==== Material provided ====

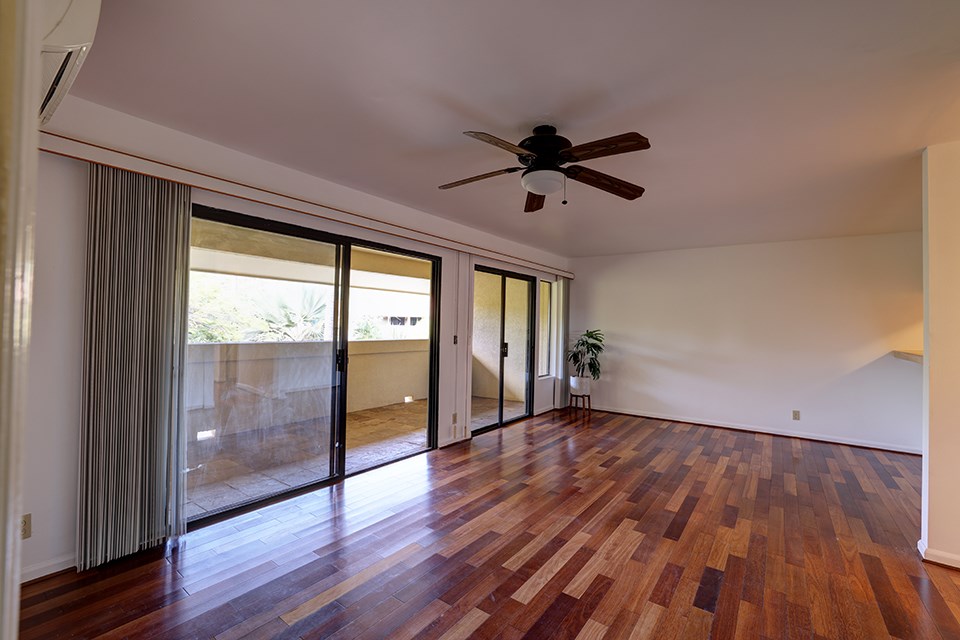 1450 South Kihei Road, Unit C203 Kihei, HI 96753 - Photo 2 of 21 an empty room with wooden floor and windows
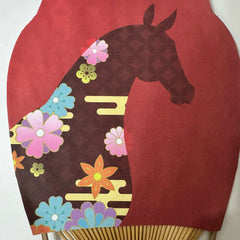 Close-up of a fan panel that prints a horse picture with flowers on the horse's body.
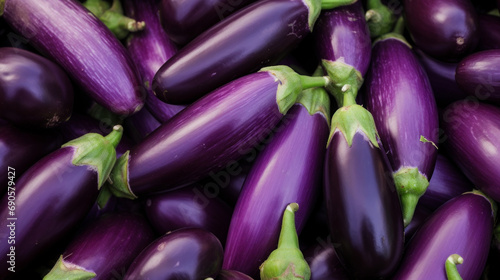 Healthy, natural and eggplant background in studio for farming, organic produce and lifestyle. Fresh, summer food and health meal closeup for eco farm market, fibre diet and vegetable agriculture photo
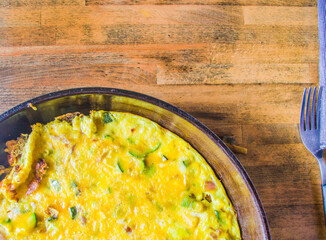 Omelet with eggs, zucchini and cheese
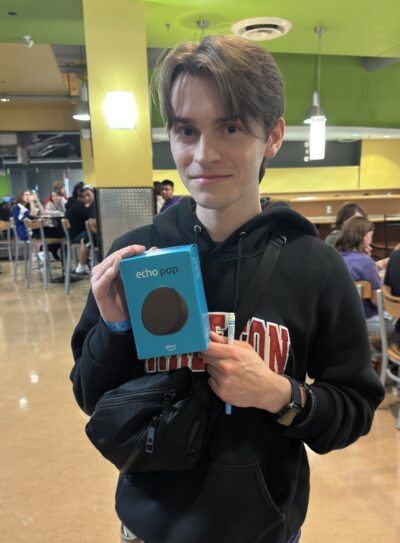 Student displaying their Bingo Prize: Echo Pop.
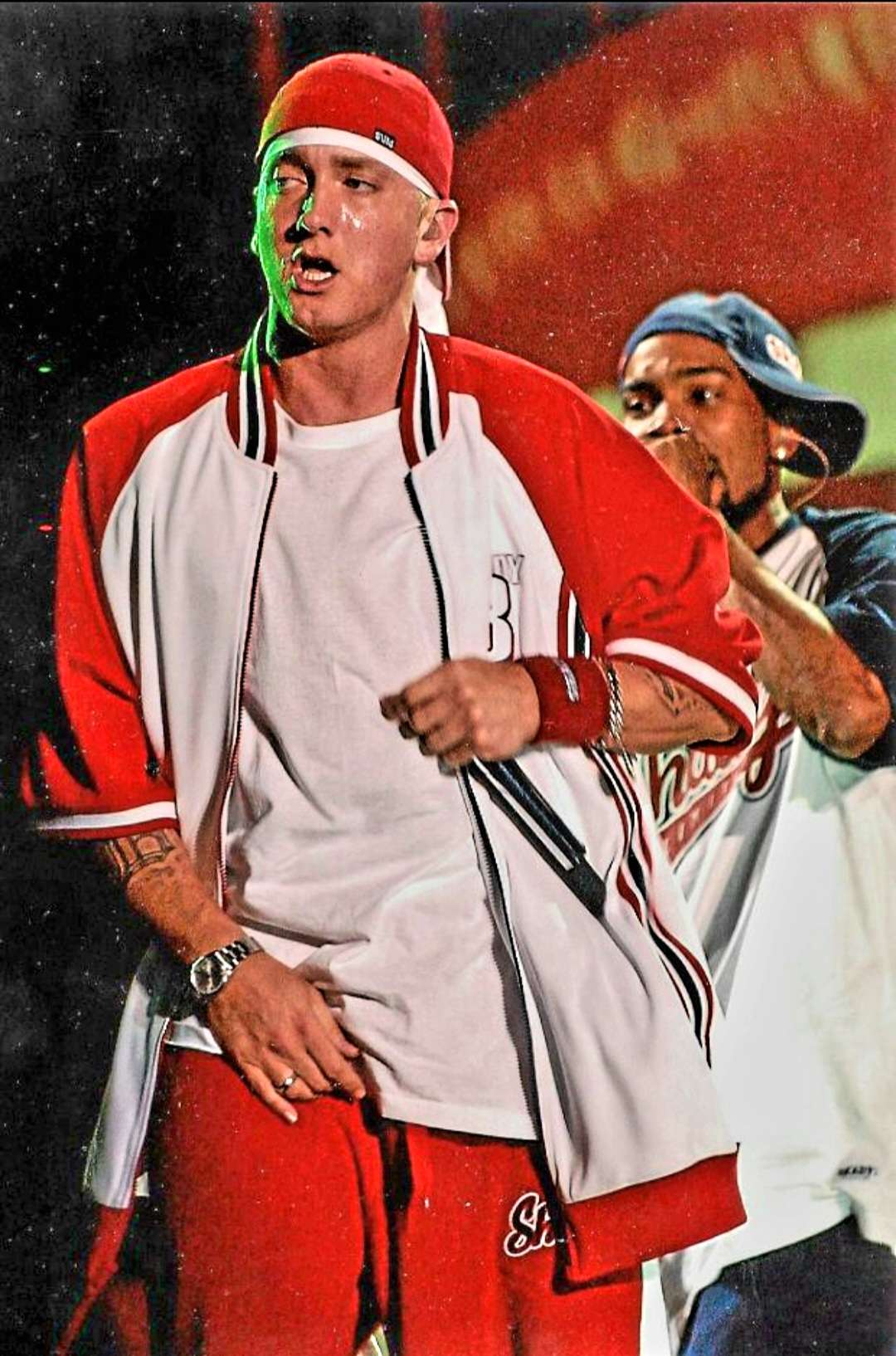 Eminem white T-shirt and red sweatband on stage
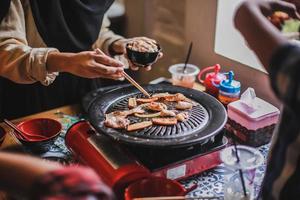 Hand of people cooking barbecue meat with chopsticks. Concept of summer party with families and friends photo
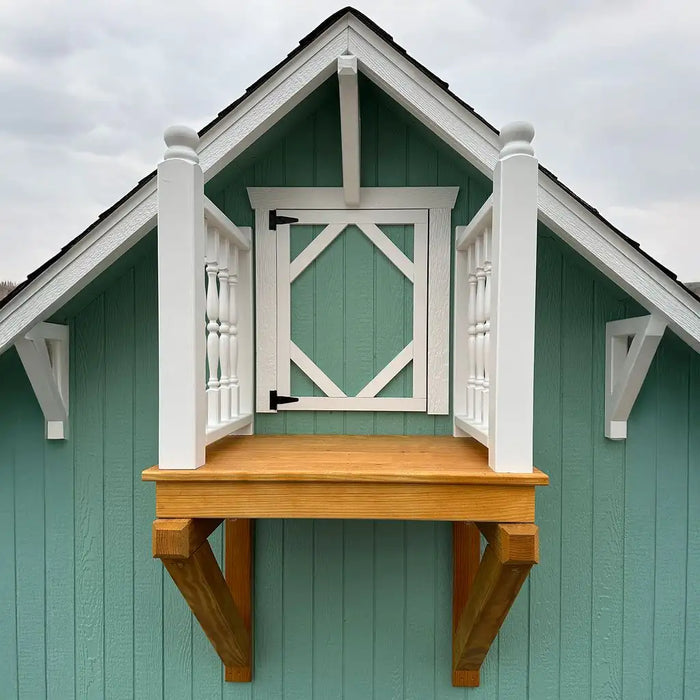 Little Cottage Co Craftsman Playhouse with a wooden platform and white railing against a cloudy sky.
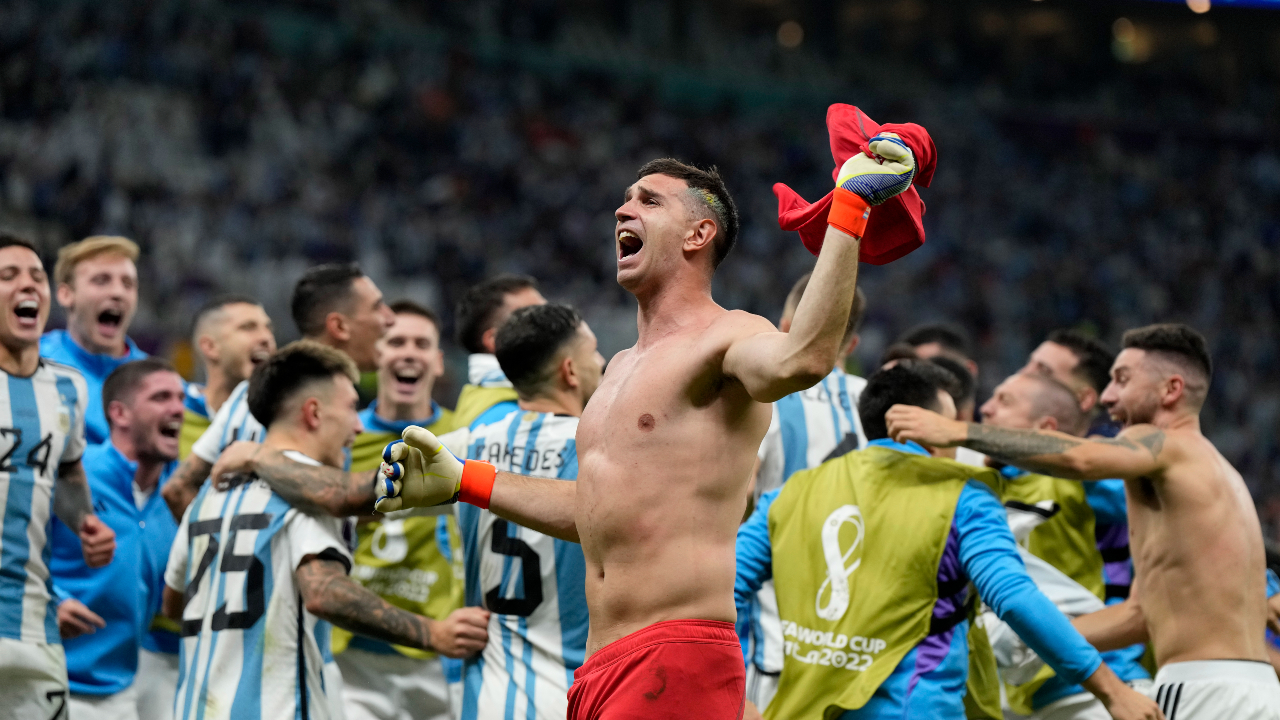 Argentina's goalkeeper Emiliano Martinez celebrates at the end of the World Cup quarterfinal soccer match between the Netherlands and Argentina, at the Lusail Stadium in Lusail, Qatar, Saturday, Dec. 10, 2022. Argentina defeated the Netherlands 4-3 in a penalty shootout after the match ended tied 2-2. (AP Photo/Ricardo Mazalan)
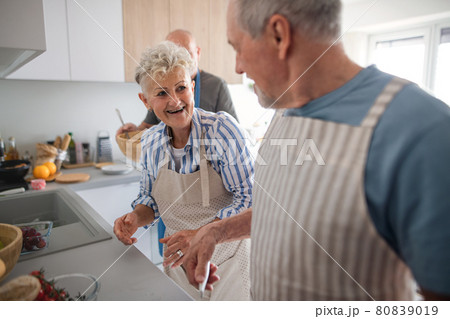Senior couple with friends having party indoors, talking when cooking. 80839019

====

*Problem statement*. Within the material above, find the part that opens with the line containing "Healthy, natural and" and closes with the line containing "Eminem white T-shirt", and reproduce it exactly without the pictures.

*Answer for the task*.
 Healthy, natural and eggplant background in studio for farming, organic produce and lifestyle. Fresh, summer food and health meal closeup for eco farm market, fibre diet and vegetable agriculture photo
 Omelet with eggs, zucchini and cheese
 Student displaying their Bingo Prize: Echo Pop.
 Eminem white T-shirt and red sweatband on stage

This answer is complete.